An exact transcription is needed, beginning at the line with "Front view of" and ending at the last line of the listing, with pictures left out and nothing else added.

## Raw data
┄┄┄┄┄┄┄┄┄┄

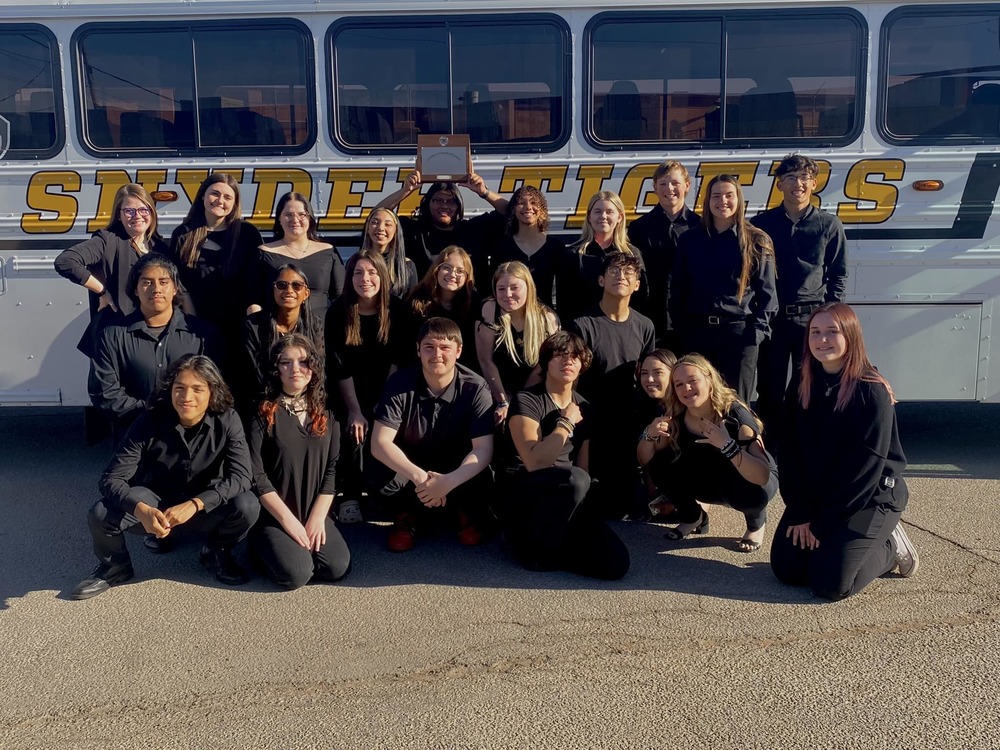 photo of choir students posing with plaque in front of bus
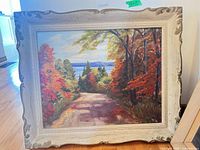 Front view of framed painting showing entire artwork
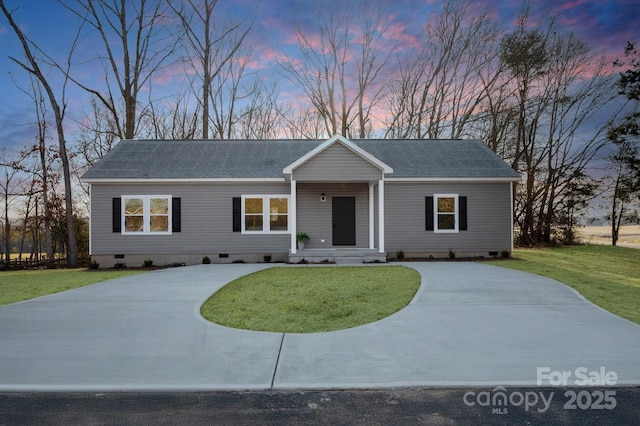 ranch-style house featuring roof with shingles, a lawn, driveway, and crawl space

┄┄┄┄┄┄┄┄┄┄

## Response
 Front view of framed painting showing entire artwork
 ranch-style house featuring roof with shingles, a lawn, driveway, and crawl space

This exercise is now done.